After food stamps were cut at the national level last fall and with unemployment benefits losing their federal extension in January, the need for food assistance is on the rise in Grundy County.
“Anytime unemployment extensions are lost, we see a rise in our pantry,” said Denise Gaska, executive director at We Care of Grundy County. “Our pantry numbers are impacted by the unemployment figures.”
The National Employment Law Project said in a news release this week that about 1 million children are living in homes that lost income because of the cutoff, and the number of long-term unemployed Americans without access to jobless aid hit the 2 million mark this week as a result of Congress’ failure to reauthorize the emergency unemployment insurance program.
Northern Illinois Food Bank Communications Director Donna Lake said the agency’s network partners are telling them they are seeing an increase in need.
Agencies such as NIFB and We Care depend on public and private donations to fill the shelves to allow people to get food to help stretch their food budget.
“We’re going to have to work harder,” Lake said. “Government commodities are decreasing and we can’t rely on any one source.
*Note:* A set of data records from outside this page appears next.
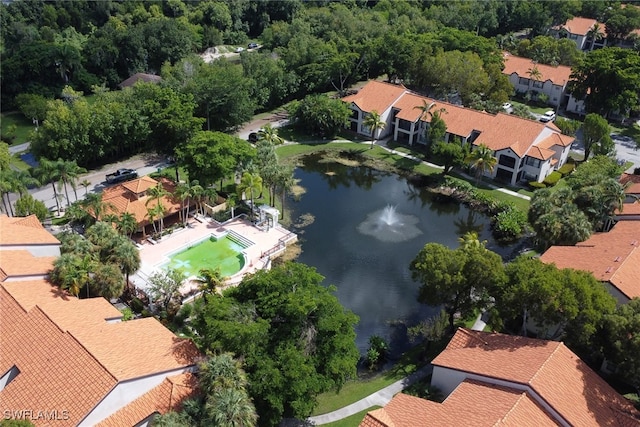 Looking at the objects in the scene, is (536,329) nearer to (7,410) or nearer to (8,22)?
(7,410)

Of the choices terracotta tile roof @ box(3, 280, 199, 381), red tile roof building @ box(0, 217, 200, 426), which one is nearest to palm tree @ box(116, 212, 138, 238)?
terracotta tile roof @ box(3, 280, 199, 381)

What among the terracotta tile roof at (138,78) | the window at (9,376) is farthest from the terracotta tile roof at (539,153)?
the terracotta tile roof at (138,78)

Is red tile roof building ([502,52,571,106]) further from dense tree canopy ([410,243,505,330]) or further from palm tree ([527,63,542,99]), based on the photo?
dense tree canopy ([410,243,505,330])

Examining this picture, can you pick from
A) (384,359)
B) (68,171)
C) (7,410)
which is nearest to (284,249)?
(384,359)

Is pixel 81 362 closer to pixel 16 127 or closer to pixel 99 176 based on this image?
pixel 99 176

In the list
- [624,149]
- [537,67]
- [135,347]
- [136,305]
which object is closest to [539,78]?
[537,67]

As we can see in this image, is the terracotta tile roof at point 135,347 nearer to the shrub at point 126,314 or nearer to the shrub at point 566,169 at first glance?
the shrub at point 126,314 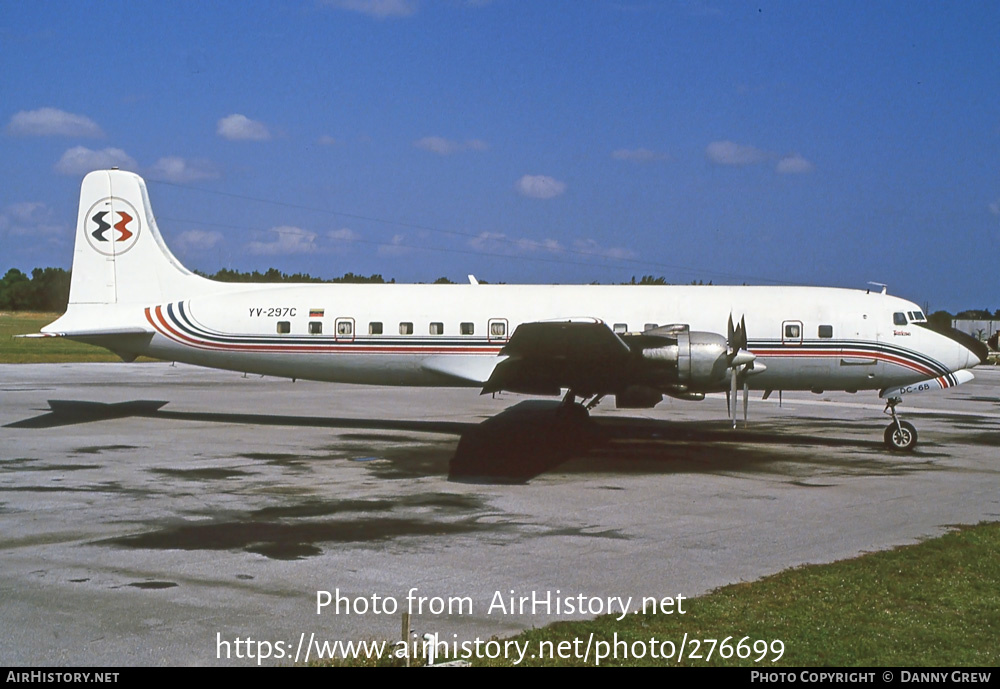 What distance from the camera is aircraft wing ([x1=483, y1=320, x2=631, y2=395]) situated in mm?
15922

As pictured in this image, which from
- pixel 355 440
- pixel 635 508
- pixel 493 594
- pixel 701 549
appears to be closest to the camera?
pixel 493 594

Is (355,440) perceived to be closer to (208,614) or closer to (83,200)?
(83,200)

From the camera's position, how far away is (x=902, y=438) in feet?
64.0

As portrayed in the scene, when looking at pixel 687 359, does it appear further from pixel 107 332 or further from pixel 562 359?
pixel 107 332

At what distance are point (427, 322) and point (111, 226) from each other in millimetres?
8940

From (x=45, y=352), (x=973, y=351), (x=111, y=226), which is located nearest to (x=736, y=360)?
(x=973, y=351)

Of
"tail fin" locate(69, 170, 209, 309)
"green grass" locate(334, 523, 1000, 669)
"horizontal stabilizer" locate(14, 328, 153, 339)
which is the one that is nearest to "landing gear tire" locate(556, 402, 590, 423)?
"tail fin" locate(69, 170, 209, 309)

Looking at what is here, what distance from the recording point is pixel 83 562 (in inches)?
375

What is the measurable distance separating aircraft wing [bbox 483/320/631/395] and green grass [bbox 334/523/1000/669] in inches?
279

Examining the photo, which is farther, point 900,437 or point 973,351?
point 973,351

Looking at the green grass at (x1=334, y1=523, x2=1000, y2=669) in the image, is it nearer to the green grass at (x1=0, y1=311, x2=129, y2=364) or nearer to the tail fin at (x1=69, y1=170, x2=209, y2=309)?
the tail fin at (x1=69, y1=170, x2=209, y2=309)

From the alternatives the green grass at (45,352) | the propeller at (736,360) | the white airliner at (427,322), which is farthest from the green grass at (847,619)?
the green grass at (45,352) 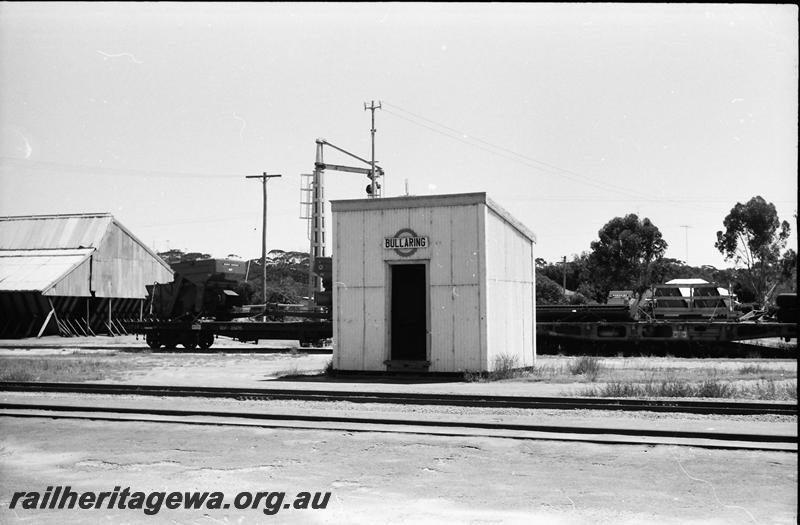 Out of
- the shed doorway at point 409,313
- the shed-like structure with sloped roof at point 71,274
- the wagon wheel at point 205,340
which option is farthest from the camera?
the shed-like structure with sloped roof at point 71,274

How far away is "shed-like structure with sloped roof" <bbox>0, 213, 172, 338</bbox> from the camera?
42.7 metres

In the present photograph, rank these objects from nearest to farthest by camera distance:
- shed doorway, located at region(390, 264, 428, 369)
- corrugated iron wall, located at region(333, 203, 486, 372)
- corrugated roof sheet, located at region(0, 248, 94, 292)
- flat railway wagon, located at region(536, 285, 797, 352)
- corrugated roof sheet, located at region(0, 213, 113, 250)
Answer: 1. corrugated iron wall, located at region(333, 203, 486, 372)
2. shed doorway, located at region(390, 264, 428, 369)
3. flat railway wagon, located at region(536, 285, 797, 352)
4. corrugated roof sheet, located at region(0, 248, 94, 292)
5. corrugated roof sheet, located at region(0, 213, 113, 250)

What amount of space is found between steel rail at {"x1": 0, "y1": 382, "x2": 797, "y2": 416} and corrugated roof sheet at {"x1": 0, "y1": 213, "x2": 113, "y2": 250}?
3227cm

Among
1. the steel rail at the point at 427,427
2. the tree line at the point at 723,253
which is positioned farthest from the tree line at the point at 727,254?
the steel rail at the point at 427,427

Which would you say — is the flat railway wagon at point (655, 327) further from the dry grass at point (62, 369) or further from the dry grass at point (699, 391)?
the dry grass at point (62, 369)

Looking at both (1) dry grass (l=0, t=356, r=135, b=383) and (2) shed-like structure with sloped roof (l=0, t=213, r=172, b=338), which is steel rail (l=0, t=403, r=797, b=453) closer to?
(1) dry grass (l=0, t=356, r=135, b=383)

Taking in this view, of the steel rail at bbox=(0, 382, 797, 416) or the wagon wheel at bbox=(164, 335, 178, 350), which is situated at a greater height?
the wagon wheel at bbox=(164, 335, 178, 350)

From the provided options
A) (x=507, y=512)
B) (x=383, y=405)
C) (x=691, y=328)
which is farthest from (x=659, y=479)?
(x=691, y=328)

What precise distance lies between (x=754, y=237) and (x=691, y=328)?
121 feet

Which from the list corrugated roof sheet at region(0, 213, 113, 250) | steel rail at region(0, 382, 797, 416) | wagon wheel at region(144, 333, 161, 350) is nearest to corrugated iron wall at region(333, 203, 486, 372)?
steel rail at region(0, 382, 797, 416)

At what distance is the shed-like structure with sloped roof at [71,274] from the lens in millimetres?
42719

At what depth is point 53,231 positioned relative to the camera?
47.8m

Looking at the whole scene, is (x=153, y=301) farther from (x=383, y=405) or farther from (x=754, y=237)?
(x=754, y=237)

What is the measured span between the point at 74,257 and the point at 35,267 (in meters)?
2.21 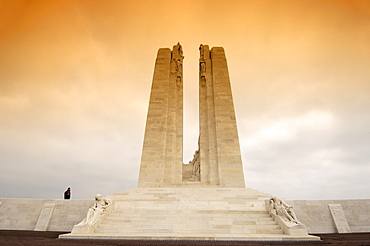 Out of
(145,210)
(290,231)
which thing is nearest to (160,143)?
(145,210)

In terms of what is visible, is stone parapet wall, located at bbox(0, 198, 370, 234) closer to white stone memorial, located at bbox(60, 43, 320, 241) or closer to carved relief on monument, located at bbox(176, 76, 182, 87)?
white stone memorial, located at bbox(60, 43, 320, 241)

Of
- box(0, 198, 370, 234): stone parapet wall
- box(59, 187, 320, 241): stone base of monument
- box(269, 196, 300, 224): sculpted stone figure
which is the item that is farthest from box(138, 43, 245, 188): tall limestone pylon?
box(269, 196, 300, 224): sculpted stone figure

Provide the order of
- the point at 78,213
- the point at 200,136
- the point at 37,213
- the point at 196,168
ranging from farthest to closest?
the point at 200,136 → the point at 196,168 → the point at 37,213 → the point at 78,213

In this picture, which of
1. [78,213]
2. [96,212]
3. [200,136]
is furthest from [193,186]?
[96,212]

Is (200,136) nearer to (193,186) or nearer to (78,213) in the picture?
(193,186)

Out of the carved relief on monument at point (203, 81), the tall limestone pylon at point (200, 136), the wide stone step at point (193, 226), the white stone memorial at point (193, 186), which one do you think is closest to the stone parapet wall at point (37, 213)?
the white stone memorial at point (193, 186) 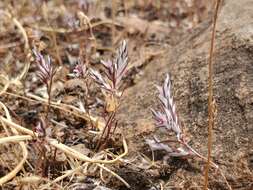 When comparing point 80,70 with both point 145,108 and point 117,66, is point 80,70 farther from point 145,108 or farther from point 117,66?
point 145,108

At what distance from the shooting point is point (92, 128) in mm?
2104

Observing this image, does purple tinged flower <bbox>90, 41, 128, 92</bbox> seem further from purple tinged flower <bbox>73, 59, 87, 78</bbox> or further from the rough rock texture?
the rough rock texture

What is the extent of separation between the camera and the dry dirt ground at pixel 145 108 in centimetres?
181

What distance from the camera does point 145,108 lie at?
222 centimetres

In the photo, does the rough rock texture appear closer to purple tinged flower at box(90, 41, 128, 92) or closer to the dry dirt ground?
the dry dirt ground

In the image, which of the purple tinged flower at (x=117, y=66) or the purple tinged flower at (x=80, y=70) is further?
the purple tinged flower at (x=80, y=70)

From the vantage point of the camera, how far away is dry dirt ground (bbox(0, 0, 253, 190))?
5.93 feet

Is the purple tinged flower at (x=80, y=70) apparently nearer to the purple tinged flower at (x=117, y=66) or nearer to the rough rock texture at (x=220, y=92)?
the purple tinged flower at (x=117, y=66)

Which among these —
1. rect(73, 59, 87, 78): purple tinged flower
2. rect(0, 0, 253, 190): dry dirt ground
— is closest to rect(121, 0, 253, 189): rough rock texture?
rect(0, 0, 253, 190): dry dirt ground

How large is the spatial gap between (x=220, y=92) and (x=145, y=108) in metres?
0.36


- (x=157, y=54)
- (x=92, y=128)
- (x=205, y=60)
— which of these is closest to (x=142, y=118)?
(x=92, y=128)

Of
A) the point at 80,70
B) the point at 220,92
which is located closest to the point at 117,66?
the point at 80,70

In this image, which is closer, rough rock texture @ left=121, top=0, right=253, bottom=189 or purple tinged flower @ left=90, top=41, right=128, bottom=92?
purple tinged flower @ left=90, top=41, right=128, bottom=92

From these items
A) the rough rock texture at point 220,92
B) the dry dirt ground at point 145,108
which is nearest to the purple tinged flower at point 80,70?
the dry dirt ground at point 145,108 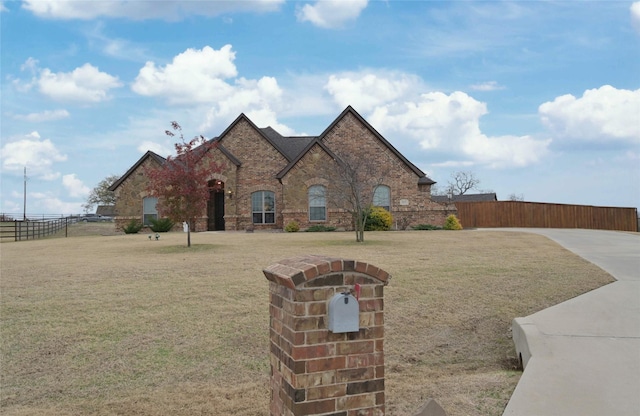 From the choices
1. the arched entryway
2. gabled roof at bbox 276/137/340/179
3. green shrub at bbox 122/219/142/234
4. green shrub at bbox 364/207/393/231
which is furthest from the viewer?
the arched entryway

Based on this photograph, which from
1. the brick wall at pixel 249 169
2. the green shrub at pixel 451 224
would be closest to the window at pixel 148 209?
the brick wall at pixel 249 169

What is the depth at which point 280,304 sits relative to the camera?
11.3 ft

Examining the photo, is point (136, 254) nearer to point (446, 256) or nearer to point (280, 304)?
point (446, 256)

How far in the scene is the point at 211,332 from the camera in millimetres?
7223

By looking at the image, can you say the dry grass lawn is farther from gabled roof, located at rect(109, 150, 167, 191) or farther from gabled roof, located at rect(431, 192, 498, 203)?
gabled roof, located at rect(431, 192, 498, 203)

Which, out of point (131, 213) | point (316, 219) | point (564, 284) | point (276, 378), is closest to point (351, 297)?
point (276, 378)

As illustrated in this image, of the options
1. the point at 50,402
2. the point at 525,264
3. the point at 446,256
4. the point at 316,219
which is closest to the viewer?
the point at 50,402

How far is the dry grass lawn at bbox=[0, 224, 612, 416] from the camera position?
5.20 meters

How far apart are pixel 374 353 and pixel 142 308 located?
6093 millimetres

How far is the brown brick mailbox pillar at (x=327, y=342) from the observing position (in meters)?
3.16

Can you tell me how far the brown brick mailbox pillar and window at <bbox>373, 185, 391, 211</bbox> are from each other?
25945 millimetres

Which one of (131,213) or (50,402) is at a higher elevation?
(131,213)

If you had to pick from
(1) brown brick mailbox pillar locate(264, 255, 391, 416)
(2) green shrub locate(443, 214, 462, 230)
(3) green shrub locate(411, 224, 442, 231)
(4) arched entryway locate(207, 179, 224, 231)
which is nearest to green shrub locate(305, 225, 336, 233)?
(3) green shrub locate(411, 224, 442, 231)

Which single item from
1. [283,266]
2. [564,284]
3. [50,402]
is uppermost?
[283,266] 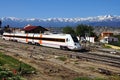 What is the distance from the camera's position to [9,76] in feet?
76.6

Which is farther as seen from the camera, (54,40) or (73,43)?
(54,40)

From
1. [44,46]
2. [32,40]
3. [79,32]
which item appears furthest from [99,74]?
[79,32]

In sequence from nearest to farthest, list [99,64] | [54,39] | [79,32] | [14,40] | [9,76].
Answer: [9,76] → [99,64] → [54,39] → [14,40] → [79,32]

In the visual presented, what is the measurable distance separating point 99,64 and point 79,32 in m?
89.5

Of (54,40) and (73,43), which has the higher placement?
(54,40)

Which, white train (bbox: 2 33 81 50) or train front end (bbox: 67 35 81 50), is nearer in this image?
train front end (bbox: 67 35 81 50)

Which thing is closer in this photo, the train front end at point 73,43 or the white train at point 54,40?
the train front end at point 73,43

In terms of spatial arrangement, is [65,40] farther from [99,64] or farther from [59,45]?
[99,64]

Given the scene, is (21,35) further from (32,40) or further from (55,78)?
(55,78)

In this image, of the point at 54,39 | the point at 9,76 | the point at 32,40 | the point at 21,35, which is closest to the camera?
the point at 9,76

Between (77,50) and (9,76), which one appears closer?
(9,76)

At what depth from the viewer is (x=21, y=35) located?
8019 cm

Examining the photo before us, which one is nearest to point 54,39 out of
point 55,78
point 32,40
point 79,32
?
point 32,40

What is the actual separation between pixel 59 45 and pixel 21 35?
24463mm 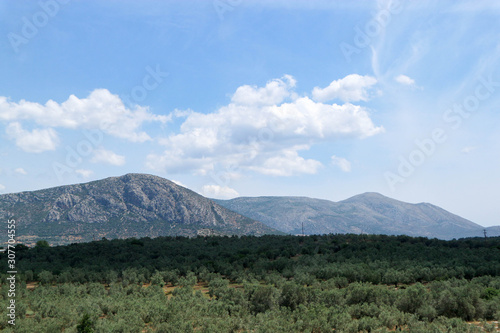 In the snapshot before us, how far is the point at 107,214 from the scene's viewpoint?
6427 inches

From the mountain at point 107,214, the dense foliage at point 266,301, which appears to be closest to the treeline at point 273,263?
the dense foliage at point 266,301

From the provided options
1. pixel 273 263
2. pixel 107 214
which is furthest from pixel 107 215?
pixel 273 263

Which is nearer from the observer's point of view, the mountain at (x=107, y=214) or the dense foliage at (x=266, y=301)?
the dense foliage at (x=266, y=301)

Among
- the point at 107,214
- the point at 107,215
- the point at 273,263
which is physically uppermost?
the point at 107,214

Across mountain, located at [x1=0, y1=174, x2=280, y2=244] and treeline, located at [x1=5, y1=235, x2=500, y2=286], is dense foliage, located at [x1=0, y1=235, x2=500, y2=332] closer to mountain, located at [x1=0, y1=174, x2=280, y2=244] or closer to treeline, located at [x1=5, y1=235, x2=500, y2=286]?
treeline, located at [x1=5, y1=235, x2=500, y2=286]

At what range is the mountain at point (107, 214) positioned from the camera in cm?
13888

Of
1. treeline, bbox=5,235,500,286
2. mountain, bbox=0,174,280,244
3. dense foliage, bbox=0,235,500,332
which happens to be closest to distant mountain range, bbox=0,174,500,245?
mountain, bbox=0,174,280,244

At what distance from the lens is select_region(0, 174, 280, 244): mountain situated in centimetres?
13888

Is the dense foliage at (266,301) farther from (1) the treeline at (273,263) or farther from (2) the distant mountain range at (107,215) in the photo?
(2) the distant mountain range at (107,215)

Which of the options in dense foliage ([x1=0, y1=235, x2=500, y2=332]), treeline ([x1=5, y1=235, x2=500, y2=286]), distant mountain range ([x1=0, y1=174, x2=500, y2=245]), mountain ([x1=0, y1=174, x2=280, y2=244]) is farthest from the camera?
mountain ([x1=0, y1=174, x2=280, y2=244])

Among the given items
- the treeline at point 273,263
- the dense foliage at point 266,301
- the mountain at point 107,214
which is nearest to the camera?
the dense foliage at point 266,301

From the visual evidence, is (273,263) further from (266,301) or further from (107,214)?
(107,214)

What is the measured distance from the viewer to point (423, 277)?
2548 centimetres

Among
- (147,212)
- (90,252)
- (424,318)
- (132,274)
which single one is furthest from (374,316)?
(147,212)
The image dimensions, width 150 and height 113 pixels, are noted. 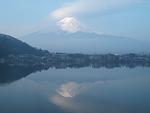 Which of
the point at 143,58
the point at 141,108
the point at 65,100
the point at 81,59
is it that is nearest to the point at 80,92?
the point at 65,100

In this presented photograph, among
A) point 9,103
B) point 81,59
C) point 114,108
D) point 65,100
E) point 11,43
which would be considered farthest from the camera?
point 81,59

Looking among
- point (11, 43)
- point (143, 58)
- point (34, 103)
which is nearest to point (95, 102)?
point (34, 103)

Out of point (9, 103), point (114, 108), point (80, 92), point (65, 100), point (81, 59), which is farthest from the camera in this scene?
point (81, 59)

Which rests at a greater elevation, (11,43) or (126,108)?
(11,43)

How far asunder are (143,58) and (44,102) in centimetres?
3155

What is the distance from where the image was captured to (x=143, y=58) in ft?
140

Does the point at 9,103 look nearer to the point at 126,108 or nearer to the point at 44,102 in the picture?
the point at 44,102

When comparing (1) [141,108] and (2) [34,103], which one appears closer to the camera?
(1) [141,108]

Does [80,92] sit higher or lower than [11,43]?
lower

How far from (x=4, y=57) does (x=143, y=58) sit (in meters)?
18.4

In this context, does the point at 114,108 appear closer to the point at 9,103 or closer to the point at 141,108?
the point at 141,108

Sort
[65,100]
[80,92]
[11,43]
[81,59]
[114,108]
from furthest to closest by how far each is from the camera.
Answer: [81,59]
[11,43]
[80,92]
[65,100]
[114,108]

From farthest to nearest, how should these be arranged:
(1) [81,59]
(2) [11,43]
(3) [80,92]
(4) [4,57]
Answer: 1. (1) [81,59]
2. (2) [11,43]
3. (4) [4,57]
4. (3) [80,92]

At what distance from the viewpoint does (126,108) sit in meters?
11.2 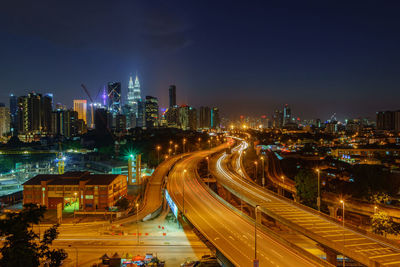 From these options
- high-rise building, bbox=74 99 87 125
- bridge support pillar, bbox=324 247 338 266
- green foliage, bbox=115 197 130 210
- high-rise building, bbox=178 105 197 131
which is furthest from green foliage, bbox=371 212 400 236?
high-rise building, bbox=74 99 87 125

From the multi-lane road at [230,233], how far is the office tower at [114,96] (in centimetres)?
15070

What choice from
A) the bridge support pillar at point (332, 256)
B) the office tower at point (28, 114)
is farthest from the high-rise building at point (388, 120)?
the office tower at point (28, 114)

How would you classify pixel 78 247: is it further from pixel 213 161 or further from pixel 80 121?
pixel 80 121

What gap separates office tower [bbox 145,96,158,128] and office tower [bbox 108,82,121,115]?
16.6m

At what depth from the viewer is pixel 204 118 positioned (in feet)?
563

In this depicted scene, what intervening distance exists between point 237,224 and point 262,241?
238cm

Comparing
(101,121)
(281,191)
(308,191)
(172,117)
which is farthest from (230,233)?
(172,117)

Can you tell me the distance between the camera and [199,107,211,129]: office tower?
17050cm

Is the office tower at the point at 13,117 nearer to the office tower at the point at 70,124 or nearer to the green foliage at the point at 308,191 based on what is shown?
the office tower at the point at 70,124

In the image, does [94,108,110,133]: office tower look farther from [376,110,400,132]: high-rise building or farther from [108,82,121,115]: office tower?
[376,110,400,132]: high-rise building

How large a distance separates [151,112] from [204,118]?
3284 cm

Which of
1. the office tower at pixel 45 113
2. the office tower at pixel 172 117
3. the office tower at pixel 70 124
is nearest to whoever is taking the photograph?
the office tower at pixel 45 113

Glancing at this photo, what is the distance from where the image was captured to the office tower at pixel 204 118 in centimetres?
17050

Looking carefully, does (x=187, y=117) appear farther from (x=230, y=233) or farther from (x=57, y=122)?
(x=230, y=233) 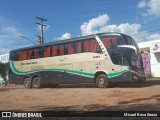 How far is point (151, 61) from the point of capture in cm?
3997

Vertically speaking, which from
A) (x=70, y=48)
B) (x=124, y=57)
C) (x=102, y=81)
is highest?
(x=70, y=48)

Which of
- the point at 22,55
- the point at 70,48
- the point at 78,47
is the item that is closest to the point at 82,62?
the point at 78,47

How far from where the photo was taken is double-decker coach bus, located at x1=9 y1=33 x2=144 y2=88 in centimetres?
2205

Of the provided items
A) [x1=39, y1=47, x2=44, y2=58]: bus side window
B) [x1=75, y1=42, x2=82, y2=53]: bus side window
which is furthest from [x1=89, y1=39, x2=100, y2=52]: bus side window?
[x1=39, y1=47, x2=44, y2=58]: bus side window

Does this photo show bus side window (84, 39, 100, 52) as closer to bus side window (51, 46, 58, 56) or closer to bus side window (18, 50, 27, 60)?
bus side window (51, 46, 58, 56)

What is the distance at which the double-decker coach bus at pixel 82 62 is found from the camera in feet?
72.3

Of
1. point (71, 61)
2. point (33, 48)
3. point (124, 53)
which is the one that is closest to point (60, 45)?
point (71, 61)

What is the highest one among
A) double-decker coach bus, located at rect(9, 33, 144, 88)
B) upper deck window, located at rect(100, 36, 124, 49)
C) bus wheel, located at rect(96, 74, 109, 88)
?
upper deck window, located at rect(100, 36, 124, 49)

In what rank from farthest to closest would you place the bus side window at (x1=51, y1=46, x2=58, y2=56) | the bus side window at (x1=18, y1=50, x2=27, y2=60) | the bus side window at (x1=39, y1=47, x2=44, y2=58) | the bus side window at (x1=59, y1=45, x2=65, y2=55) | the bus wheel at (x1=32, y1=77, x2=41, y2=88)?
the bus side window at (x1=18, y1=50, x2=27, y2=60) → the bus wheel at (x1=32, y1=77, x2=41, y2=88) → the bus side window at (x1=39, y1=47, x2=44, y2=58) → the bus side window at (x1=51, y1=46, x2=58, y2=56) → the bus side window at (x1=59, y1=45, x2=65, y2=55)

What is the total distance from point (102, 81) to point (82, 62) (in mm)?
2203

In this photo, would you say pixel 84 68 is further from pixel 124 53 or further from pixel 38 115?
pixel 38 115

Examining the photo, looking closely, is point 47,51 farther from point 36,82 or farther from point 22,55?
point 22,55

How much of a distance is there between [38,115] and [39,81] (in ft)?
60.9

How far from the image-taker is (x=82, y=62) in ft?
79.0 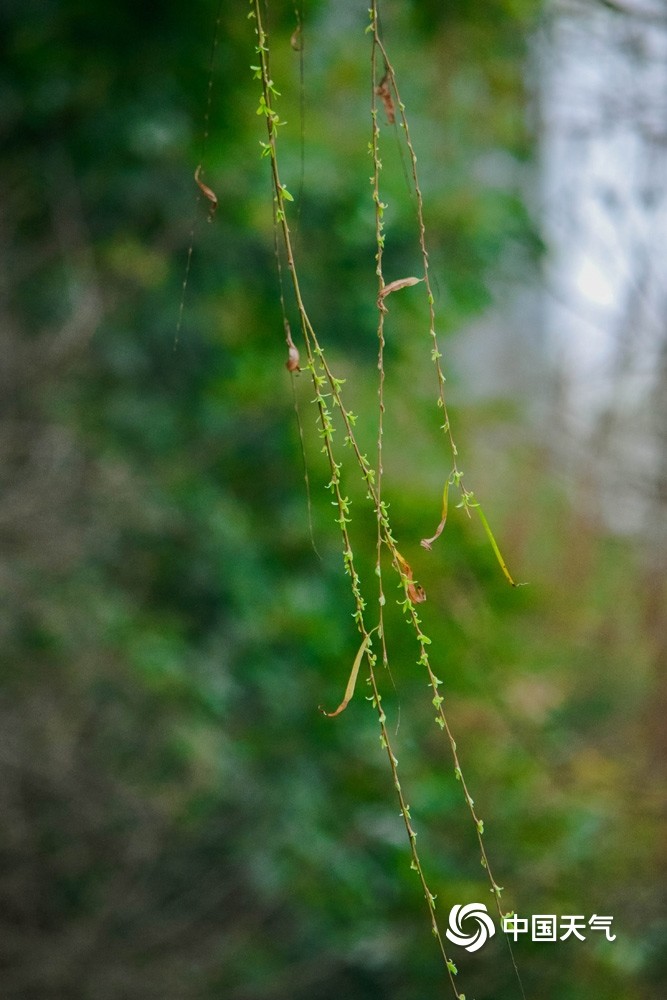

Anytime a budget is stretched, you have to make tough choices.”
Morris residents who meet income guidelines are eligible to go to We Care’s pantry once a month to fill up on staples such as canned fruit, vegetables, cereal, peanut butter, canned soups and meats, pasta and household items to help them make ends meet.
Any resident of Grundy County who is in need of help with food is invited to attend the monthly mobile food pantry, which is sponsored by an area business or individual, and delivered by NIFB in a truck to a local designation chosen by We Care.
“The mobile food pantry has no financial requirements, the only thing people need is proof of residency and an ID,” Gaska said. “They can use a recent utility bill or insurance card, something that has a Grundy County address on it.”
Lake said the trucks are stocked to serve up to 300 families and create an additional safety net for people whose budget, for whatever reason, is stretched thin.
The trucks are stocked with meat items, bread and fresh produce, and supplemented with shelf stable items.
“The weather has been tough this year,” Lake said. “Our office has only closed one day, but it has been a challenge with road conditions and the cold.”
We Care had to cancel the December food truck because the weather, and the January food truck had to be unloaded into First Christian Church to be passed out to those in attendance because of the extreme cold.
“We know people feel the pinch if we don’t have it so we try not to let weather impact delivery,” Gaska said.
NIFB serves 13 counties, including Grundy County, and 77 percent of the food it distributes is donated by manufacturers and retailers. It also has instituted a Retail Pick Up program, which allows pantries to pick up from their local retailers directly.
Gaska said the food trucks are sponsored generally by businesses, community groups and churches, and the cost to the sponsor is $1,000.
“The program has grown and I never have trouble filling the spots for the mobile pantry,” Gaska said. “We often have a year in advance booked.”
However, We Care also looks for sponsors to help fill the pantry once a month with items bought from NIFB.
When the pantry is full, Gaska is able to order food items needed to add to local donations, and the order can change month to month based on that need.
Sponsors for the Fill the Pantry program are asked to donate $750 toward the cost of approximately $1,300 to $1,500 We Care spends monthly on the food items, as well as provide eight to 10 individuals to help stock when the delivery is made.
“It’s not just about the money, it’s about the people,” Gaska said.